I rendered most objects in displaylist aswell using glDrawElements but without vbo's.



To explain the project a bit better, its kinda like an Online RTS (Online Command and Conquer), you can build your own army to "take over the galaxy" or join a clan and create an even bigger army (which is why i am aiming for such i high number of objects).
I guess projects end up in their technical limits eventually but this sounds like it'd need a supercomputer to run.. i mean, galaxy even if it's not made into scale of Spore but Master of Orion like, tens of stars with 0-5 planets means quite alot units to hold on for server. Sending tight battles across planets to even 8 players same time would be comparable to a upload and download of a full length movie.

There is theory i've tried to explain in my project thread but to me it seems like the only way to handle the masses in network.

And to not offtopic too much in "graphics related post", you may want to create another topic about the project too :)

Mirage
06-06-2009, 10:46 AM
Octree is good for static objects. For dynamic a spatial grid is better.
With such a big number of objects visible it's may be a good idea to use imposters.

P.S. It's good that OpenGL allows to make 5K render calls per frame without slowdown. DirectX doesn't.

Orgun109uk
07-06-2009, 10:42 PM
But slowly now sry... been playing afwul lots of World of Warcraft.

Ahh yes, the WoW bug :D.



I guess projects end up in their technical limits eventually but this sounds like it'd need a supercomputer to run.. i mean, galaxy even if it's not made into scale of Spore but Master of Orion like, tens of stars with 0-5 planets means quite alot units to hold on for server. Sending tight battles across planets to even 8 players same time would be comparable to a upload and download of a full length movie.
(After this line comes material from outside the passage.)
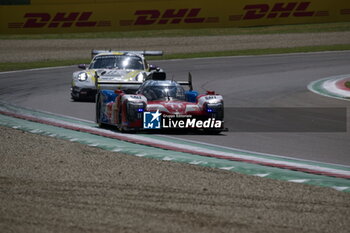 2024-04-19 - N° 11 ISOTTA FRASCHINI -ITA- Isotta Fraschini Tipo6-C -HY - WEC - 6 HOURS OF IMOLA - ENDURANCE - MOTORS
There is theory i've tried to explain in my project thread but to me it seems like the only way to handle the masses in network.

Yeah i have thought about this a lot, and have a few ideas i'm going to try out. But we shall see when i get to that point.
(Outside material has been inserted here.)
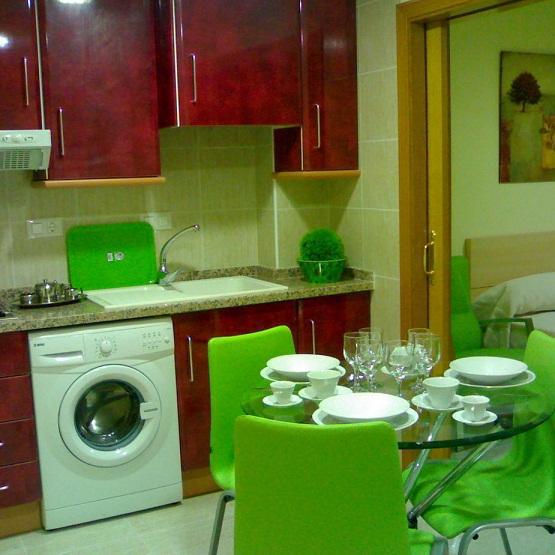 Residencial Alcoy 아파트 객실 사진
And to not offtopic too much in "graphics related post", you may want to create another topic about the project too :)

Yep, i shall do very soon.
Not that i have managed to speed things up, thanks to everyone, i will have some screenshots, then i will post it (it doesn't look like much at the moment).
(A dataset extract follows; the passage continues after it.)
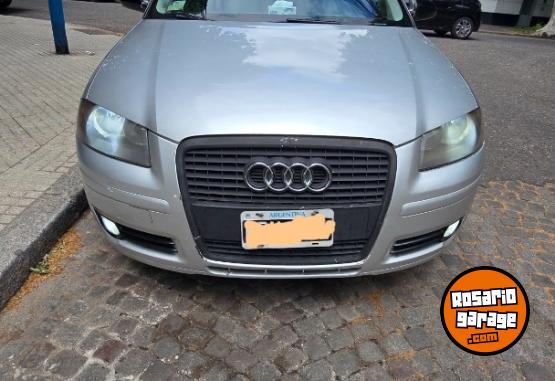 Autos - Audi A3 2008 Nafta 383000Km - En Venta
Octree is good for static objects. For dynamic a spatial grid is better.
With such a big number of objects visible it's may be a good idea to use imposters.

Thanks for the input, i shall look more into those options.

Orgun109uk
09-06-2009, 05:12 PM
Just to keep an update, i have managed to speed up the TList overhead a little by directly accessing the dynamic array (TList.List) and by using the TList.Sort to sort objects by the frustum and the distance from the camera.

Chesso
08-07-2009, 08:43 AM
I'm a little rusty, but to look at this from a general perspective.

If you are creating and killing stuff like there is no tomorrow, from the perspective of a list or array of some sort, why not just have a static array that exceeds what you need and zero out one when it becomes available and use it when you need it.

I know it requires some more processing on the side to deal with this, but surely it beats resizing the poor thing a billion times per second.